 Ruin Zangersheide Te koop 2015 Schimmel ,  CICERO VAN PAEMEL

# # # #

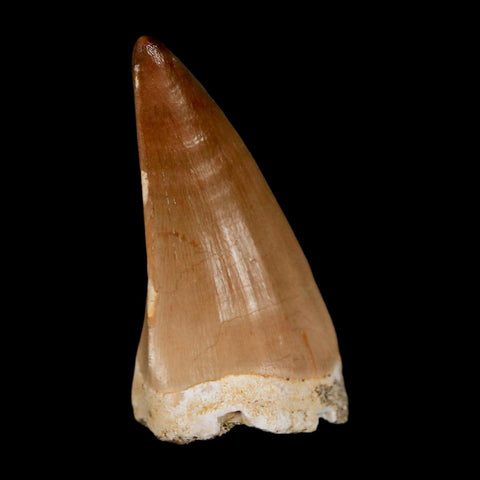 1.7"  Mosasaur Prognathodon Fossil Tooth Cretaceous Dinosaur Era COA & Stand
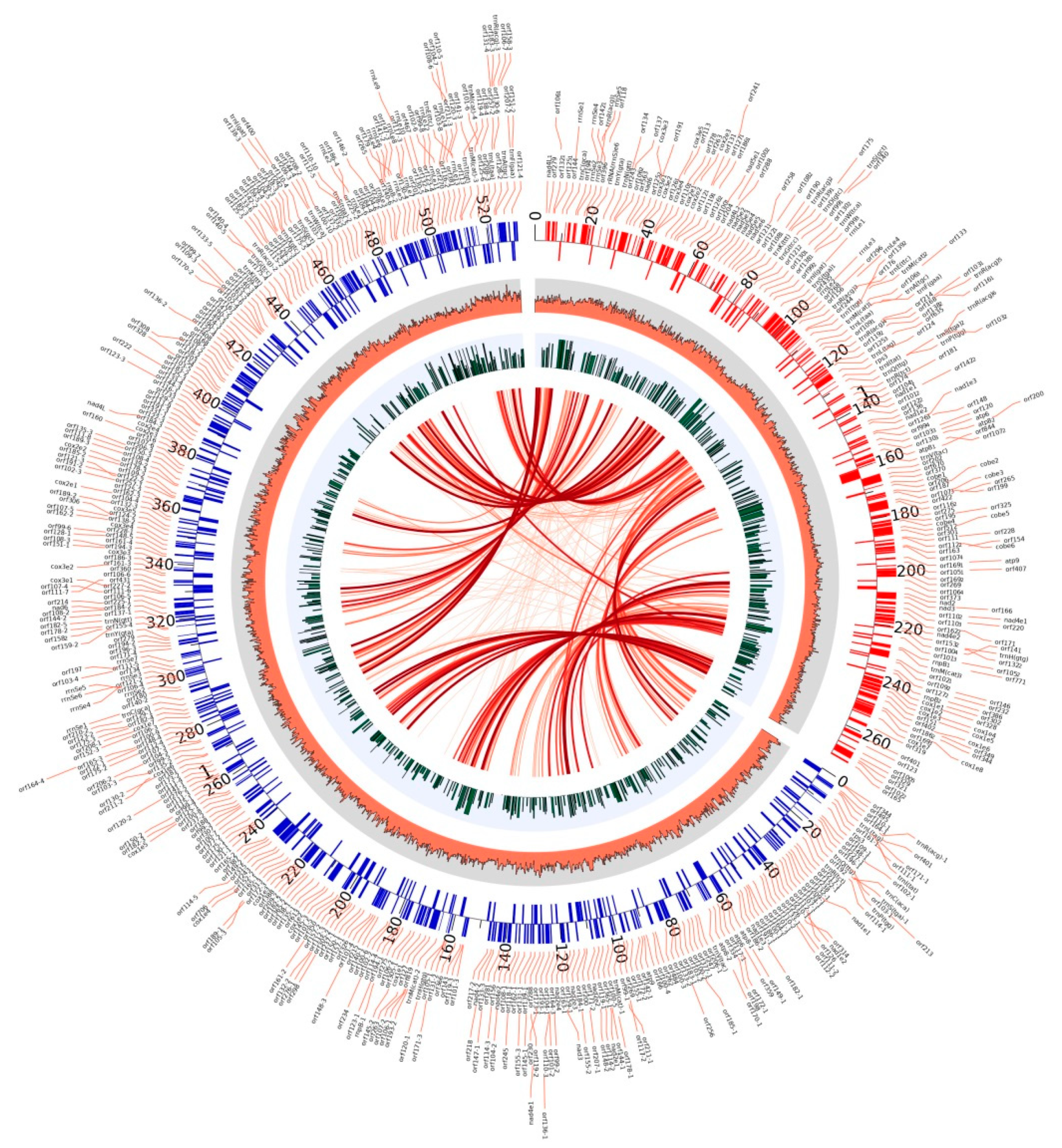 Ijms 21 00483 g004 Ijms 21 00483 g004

# # # #

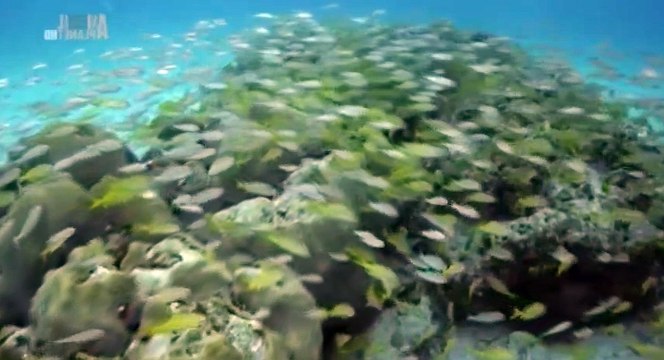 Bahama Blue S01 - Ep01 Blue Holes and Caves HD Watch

# # # #

### What you need to do
Leave the pictures out, and transcribe exactly the lines above starting at the one that contains "COA & Stand" and ending at the one that contains "Ijms 21 00483 g004 Ijms 21 00483 g004".

### Answer
 1.7"  Mosasaur Prognathodon Fossil Tooth Cretaceous Dinosaur Era COA & Stand
 Ijms 21 00483 g004 Ijms 21 00483 g004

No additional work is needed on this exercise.